Anthony Beevor (1998)
“For those who want to put the titanic and, yes, satanic struggle that was Stalingrad in the perspective of both everyday soldiers and the prosecutors of the war, look no further than Beevor’s electrifying text. You are in the granary, outlasting the Germans, you are fighting for space on the last outgoing flights from the Pitomnik airfield. This is the real deal.”

Nazi Germany and the Jews, Volumes 1 and 2: The Years of Persecution, 1933–1939 and The Years of Extermination, 1939-1945
Saul Friedländer (1997 and 2007)
“I laud the attempts by conventional educators to teach everyone in this country about the Holocaust. The lessons are often learned by reading Anne Frank’s poignant diary, or the fictional The Book Thief, both admirable attempts to capture the cataclysm in human terms. If I had my druthers, Friedländer would be required reading for all. This is a remarkable history of the Holocaust that truly causes you to ponder whether Hitler went to war not for world domination but to exterminate the Jews. I have had many a nightmare about scenes Friedländer describes; I will leave it to you to read the otherwise indescribable terrors that he has researched better than anyone alive.”

The Coming of the Third Reich, The Third Reich in Power, and The Third Reich at War
Richard Evans (2003, 2005, and 2008)
“Searching for the single best history of the Third Reich? Richard Evans’s trilogy is impossible to top. His combination of a social, historical, political, and cultural narrative makes for the most compelling of all the “war” books I have ever tackled. The moment I finished the trilogy I turned around and read it again, this time examining the footnotes and bibliography for more information. He’s marvelous.”

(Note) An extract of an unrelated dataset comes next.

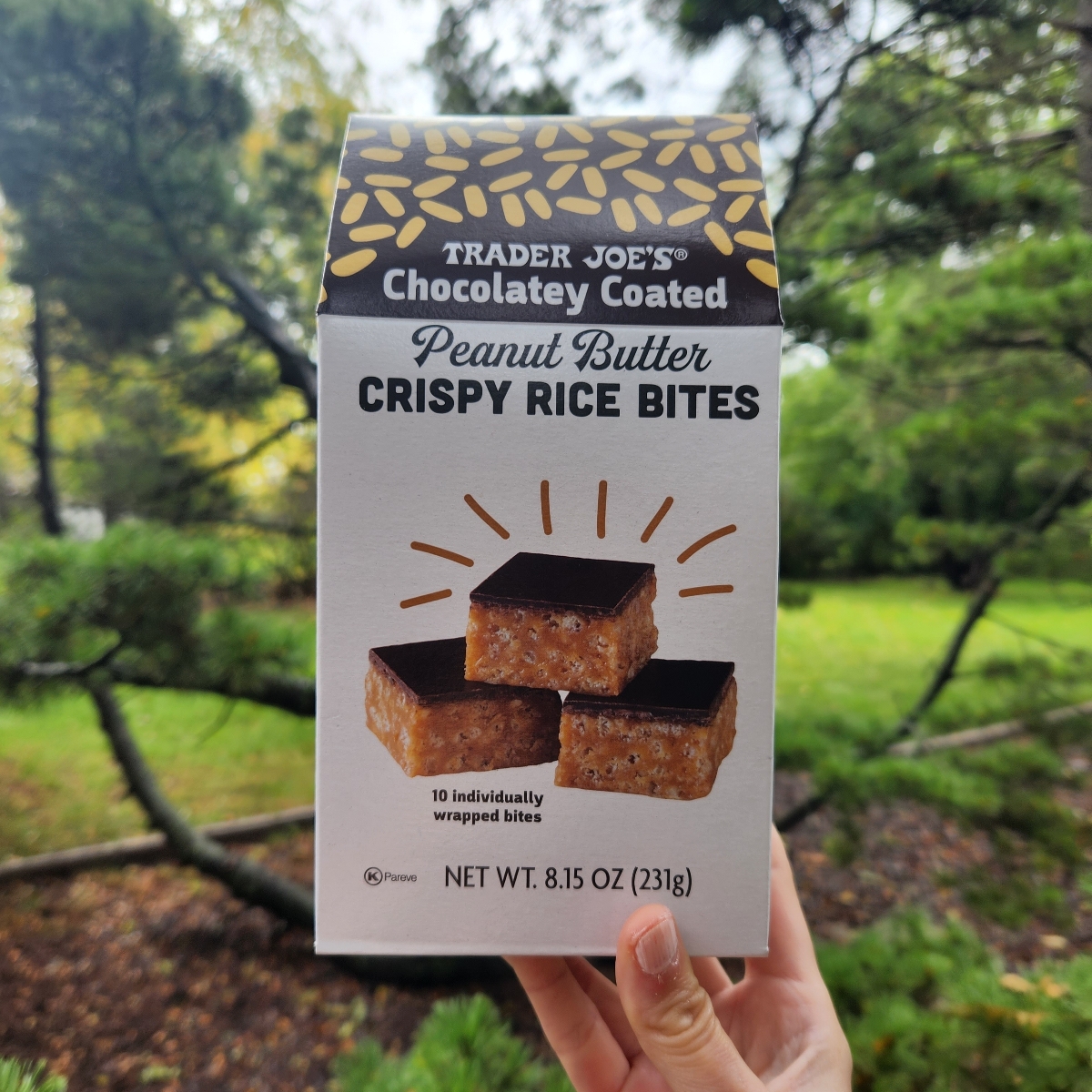 Trader Joe's Chocolatey Coated Peanut Butter Crispy Rice Bites Reviews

Hitler 1889–1936: Hubris and Hitler 1936–1945: Nemesis
Ian Kershaw (1998 and 2000)
“There have been dozens of excellent biographies of arguably the worst man who ever lived. But none has ever come near the magnificent two-volume set by the fabulous Ian Kershaw. I pity those who even try. Amazingly well-written and researched, this two-part biography will be the gold standard of Hitler
biographies for as long as we live.”

But Not for the Fuehrer
Helmut Jung (2004)
“I love soldier memoirs, whether they be the well-known Helmet for My Pillow by Robert Leckie or Forgotten Soldier by Guy Sajer or Crossing the Line by Alvin Kernan. You don’t need me to point you to those. But this no-holds-barred tale of barbarism by an obscure German soldier is among the most eye-opening of autobiographies outlining man’s inhumanity to man ever written. Either Jung was too honest to lie, or what he doesn’t tell was even more horrific than what he
chronicles. Either way, it’s a must read.”